One of those things I've always tried to determine is who I really am, at my core. There are a lot of things I'd like to believe about myself (intelligent, compassionate), a lot of things I've come to accept about myself (procrastinator, pack-rat), and a lot of things I think are true but wonder if maybe I could be doing more to combat (depression, low energy).
For example, at my most authentic self - am I night person? I think I am, but on weekends I love getting an early start on the day. Do I believe that rich people should pay higher taxes? Well, yeah, because they can afford it, but they worked to make all that money (or were lucky enough to be born into it) so why shouldn't they keep it? Do I want to be a parent or do I just want to keep my options open? Am I sucker who fell for the lie of financial security and the need for health insurance that's too afraid to follow my bliss? Do I believe in a higher power or not? Do I really like reality television but hate myself for it?
My best answer is that today, my beliefs/preferences are A, B, and C, but tomorrow they may be X, Y, and Z, and I'll have to deal with that then. I've never been able to pin myself down - all I can do is look at my patterns. But isn't integrity about being true to yourself and your ideals? I don't even know what mine are!

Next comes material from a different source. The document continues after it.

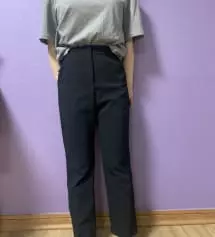 바지 완전 쫀쫀하고 이뻐요 역시 후기 많은 이유가 있네요 늘어나면 또 사야겠어요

Yesterday I read this article about a man's experience on a meditation retreat wherein he battled self-loathing so intense it changed his life. The part that struck me follows:
A second aspect of the practice, though, was even more important, and that was seeing the self-hatred for what it really is, not what it is conventionally thought of as being. At first, I interpreted the feelings I was having according to the conventional geology of the self. This is what I felt "deep down." This is was what I "really" believed, despite all the rationale I'd proffered to myself and to others. But that entire geology is a fiction -- deep down inside what? All that was actually present in my experience were different beliefs. One belief (gay is bad) had the character -- the "feeling tone" in Buddhist language -- of being long-held. Another belief (gay is good) didn't, even though I knew it made more sense, and had led me to more happiness and more spiritual capacity. But the former belief wasn't really "deeper" or truer. It was merely its character -- its feeling -- that was being interpreted as "deep."
This was such a critical turning point for me. Of course the guilt felt "deeper" -- it's had thirty years of constant reinforcement, as compared with just a few years of acceptance and understanding. But the "self" in which it felt "deeper" within is itself just a label for a million conditioned phenomena, woven together by consciousness. The self is like a bundle of sticks taken from elsewhere -- "we" are neither any individual stick, nor the string that ties them together. And what you discover in meditation is: there is never any time at which the bundle as a whole does anything. It's always one stick or another. A desire. A fear. A thought. Some will feel deep, some will feel shallow -- but those are just sensations, nothing more.
Have I been digging for phantoms this whole time? Trying to find the core stick in a bundle with no center? Maybe I've been Buddhist all along and just didn't know it!
My struggle with Buddhism involves my firmly entrenched attachment to the "I" that loves John Taylor, Winnie-the-Pooh, and yellow cake with chocolate icing. I like having a couple of boxes of souvenirs of my past to remind me of things I've seen and done and been. I like my overloaded bookshelves. I can't imagine what it would be like to detach from all that makes me me even though I understand that my wanting is the source of my pain. Isn't it also the source of my pleasure?
These are my most recent deep thoughts. I'm now in the throes of Excedrin and Friday afternoon; don't expect anything too weighty anytime soon.